The online retailer missed Wall Street projections during its all-important holiday quarter, and shipping and fulfillment costs didn't help the situation.
You don't really need that $12 package of Kleenex tissues to arrive in 48 hours, yet you insist on ordering it through Amazon Prime. You have no idea how much it's costing.
All right, fine, let's not feel bad for the world's biggest online retailer. After all, Amazon lets its Prime membership customers buy a few cheap items at a time and that's helped it build up its business. But Amazon, having to shoulder the cost of getting those items to you so quickly, is now paying for that liberal approach.
As the Seattle company's shipping and fulfillment costs keep soaring, a big question for Amazon is: Will it be able to keep sending you small orders of soap or trash bags with free, two-day shipping or will something have to change?
The answer, it seems, is yes and yes.
"They will continue to experiment to make that very rapid delivery possible," said Yory Wurmser, a retail analyst for researcher eMarketer. "They're trying to get as many people to buy as much as they can online."
With its two-day shipping, Amazon Prime helps satisfy customers' desire for (nearly) instant gratification. Those shipping costs, though, are taking a toll on Amazon's profit. Ben Fox Rubin/CNET
Amazon has been able to hook you with Prime, its $99-a-year membership service that offers two-day deliveries at no additional fees. While Prime has been a success, helping the company grow faster than the broader e-commerce market, it's also resulted in big shipping costs that the annual fees don't fully cover. And while Amazon tends to think in the long term, happily giving up a buck today to keep you satisfied through tomorrow, it has a handful of projects that could help ensure those speedy deliveries get to you without losing so much money in the process.
On Thursday, Amazon posted weaker-than-expected earnings for its all-important holiday quarter, which drove down its stock by more than 13 percent after hours. Shipping and fulfillment costs didn't help the situation, with both growing at a faster rate than revenue. Overall shipping costs shot up 37 percent from a year earlier to $1.8 billion, outpacing a 22 percent rise in revenue to $35.7 billion.

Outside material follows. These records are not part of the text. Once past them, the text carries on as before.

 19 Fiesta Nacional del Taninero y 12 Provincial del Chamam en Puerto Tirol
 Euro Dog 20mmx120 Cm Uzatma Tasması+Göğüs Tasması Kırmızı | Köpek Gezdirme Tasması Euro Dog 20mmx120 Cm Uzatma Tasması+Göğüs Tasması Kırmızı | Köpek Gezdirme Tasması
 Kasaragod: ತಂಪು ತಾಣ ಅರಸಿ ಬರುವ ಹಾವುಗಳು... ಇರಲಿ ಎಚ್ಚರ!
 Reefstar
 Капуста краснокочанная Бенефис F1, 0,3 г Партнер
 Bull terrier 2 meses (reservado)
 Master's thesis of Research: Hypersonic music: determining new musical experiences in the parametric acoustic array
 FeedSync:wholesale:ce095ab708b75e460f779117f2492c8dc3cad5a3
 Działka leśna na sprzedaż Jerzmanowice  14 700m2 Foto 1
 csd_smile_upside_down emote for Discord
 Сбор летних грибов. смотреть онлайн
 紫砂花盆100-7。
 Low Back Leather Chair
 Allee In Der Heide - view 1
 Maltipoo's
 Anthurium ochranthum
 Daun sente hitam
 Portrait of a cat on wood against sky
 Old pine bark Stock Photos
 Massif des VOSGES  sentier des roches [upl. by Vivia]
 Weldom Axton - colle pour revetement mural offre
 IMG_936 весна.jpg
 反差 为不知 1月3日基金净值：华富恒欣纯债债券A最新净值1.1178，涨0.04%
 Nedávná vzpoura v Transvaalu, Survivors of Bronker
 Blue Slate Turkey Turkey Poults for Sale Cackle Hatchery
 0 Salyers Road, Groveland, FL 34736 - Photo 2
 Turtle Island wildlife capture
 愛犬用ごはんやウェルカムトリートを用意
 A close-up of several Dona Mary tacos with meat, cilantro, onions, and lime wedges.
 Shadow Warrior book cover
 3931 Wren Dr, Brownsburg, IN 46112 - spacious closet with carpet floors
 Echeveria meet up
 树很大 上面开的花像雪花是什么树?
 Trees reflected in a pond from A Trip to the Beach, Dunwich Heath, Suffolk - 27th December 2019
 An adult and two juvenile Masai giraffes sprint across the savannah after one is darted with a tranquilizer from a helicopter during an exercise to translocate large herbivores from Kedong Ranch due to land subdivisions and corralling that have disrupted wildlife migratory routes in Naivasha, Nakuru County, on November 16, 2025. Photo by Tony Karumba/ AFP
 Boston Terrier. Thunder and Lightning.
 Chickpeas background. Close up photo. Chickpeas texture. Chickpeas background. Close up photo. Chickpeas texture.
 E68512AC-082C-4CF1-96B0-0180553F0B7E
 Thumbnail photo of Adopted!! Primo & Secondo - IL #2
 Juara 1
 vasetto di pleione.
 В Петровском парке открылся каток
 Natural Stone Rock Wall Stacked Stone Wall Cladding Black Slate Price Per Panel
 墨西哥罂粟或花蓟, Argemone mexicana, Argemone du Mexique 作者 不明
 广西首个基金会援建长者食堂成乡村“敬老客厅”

"This is all tied in with the increase in [Fulfillment by Amazon] growth and the demand from Prime members," Amazon finance chief Brian Olsavsky said on a call with analysts Thursday when asked about the higher shipping costs. "We're shipping more units -- more of our units, so this ripples through our ship cost per unit."
He added that the company's new Prime Now service, which offers free two-hour deliveries to Prime members in 25 markets, "is difficult and expensive, but customers love it."
So far, Amazon hasn't pushed customers all that much to change their behavior, but it's included a few tools to coax people to bundle purchases or request a slower shipping option. For instance, the company offers Prime members a $1 credit for future e-book or digital video purchases when they opt for five-day shipping instead of two. Also, under its "add-on" program, Amazon ships thousands of lower-priced items only when they're bundled in a $25 order.
Retail and shipping experts expect Amazon to test more ways to get customers to pick cheaper shipping, though folks accustomed to two-day deliveries may still reject those options.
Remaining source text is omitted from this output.